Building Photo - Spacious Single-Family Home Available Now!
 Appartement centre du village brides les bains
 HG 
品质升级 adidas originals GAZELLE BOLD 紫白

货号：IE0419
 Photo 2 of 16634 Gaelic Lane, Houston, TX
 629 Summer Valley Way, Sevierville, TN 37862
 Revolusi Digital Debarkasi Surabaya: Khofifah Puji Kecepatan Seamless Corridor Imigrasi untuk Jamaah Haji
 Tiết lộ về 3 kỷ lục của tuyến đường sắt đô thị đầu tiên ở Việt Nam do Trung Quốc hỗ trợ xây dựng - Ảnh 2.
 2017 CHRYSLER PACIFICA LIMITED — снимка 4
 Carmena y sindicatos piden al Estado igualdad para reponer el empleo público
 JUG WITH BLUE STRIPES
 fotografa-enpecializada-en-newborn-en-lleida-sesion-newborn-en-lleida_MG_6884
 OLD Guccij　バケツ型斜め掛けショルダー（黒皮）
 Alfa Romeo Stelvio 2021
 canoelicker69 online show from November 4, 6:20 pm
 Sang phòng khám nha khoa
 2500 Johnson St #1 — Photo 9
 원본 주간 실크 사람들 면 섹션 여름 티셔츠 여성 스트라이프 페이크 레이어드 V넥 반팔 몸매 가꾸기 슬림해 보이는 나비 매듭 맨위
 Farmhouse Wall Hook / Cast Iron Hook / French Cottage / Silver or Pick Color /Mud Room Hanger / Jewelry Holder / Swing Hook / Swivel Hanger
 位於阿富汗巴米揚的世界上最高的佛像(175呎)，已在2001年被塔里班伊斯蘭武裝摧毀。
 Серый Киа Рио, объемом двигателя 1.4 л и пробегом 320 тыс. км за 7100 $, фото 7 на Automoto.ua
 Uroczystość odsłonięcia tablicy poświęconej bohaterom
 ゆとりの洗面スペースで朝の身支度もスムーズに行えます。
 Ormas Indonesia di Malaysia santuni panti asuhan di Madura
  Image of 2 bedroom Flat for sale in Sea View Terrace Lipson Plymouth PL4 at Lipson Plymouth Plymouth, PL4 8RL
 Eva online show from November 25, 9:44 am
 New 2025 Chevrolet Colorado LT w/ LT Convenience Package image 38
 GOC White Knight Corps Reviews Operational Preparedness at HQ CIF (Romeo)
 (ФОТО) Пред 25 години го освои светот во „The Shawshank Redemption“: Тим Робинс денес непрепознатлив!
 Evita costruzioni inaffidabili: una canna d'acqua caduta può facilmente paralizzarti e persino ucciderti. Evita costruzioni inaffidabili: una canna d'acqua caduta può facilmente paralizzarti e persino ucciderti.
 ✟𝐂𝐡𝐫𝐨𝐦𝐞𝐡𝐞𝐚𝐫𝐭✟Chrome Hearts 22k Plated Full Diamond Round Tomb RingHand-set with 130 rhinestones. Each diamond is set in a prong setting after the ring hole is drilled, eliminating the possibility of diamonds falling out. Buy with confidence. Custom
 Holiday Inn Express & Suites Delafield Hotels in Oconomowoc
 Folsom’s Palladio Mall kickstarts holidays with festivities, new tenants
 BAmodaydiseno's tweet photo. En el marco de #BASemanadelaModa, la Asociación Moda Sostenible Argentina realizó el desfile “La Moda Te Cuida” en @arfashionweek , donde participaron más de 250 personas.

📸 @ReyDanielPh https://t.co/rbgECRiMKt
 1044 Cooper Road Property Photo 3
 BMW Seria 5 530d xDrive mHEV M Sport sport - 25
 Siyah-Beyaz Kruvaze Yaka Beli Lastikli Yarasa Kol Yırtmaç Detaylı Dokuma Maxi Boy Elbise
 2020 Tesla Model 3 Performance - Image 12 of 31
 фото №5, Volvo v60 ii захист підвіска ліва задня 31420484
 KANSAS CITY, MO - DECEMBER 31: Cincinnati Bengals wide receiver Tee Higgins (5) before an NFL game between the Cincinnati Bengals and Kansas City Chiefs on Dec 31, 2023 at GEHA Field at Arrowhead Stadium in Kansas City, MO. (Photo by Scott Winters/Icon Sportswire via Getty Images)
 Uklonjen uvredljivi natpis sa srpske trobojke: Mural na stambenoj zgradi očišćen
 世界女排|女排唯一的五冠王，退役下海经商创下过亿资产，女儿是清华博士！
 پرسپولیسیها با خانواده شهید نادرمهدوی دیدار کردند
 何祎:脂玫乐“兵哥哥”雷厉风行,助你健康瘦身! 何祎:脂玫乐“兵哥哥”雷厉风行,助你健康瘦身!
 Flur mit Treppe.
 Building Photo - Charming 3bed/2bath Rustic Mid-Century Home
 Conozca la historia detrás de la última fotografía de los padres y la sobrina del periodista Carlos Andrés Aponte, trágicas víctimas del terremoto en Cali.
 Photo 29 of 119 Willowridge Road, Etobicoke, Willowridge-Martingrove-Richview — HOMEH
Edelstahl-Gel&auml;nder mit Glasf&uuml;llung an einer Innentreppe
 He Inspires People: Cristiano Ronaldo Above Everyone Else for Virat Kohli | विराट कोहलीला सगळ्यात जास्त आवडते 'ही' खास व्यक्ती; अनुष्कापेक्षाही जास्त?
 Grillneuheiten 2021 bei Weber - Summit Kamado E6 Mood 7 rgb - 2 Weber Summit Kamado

^^^^^^^^

→ YOUR GOAL: In the listing, find every line with the word "show" and return it.

→ SOLUTION:
 canoelicker69 online show from November 4, 6:20 pm
 Eva online show from November 25, 9:44 am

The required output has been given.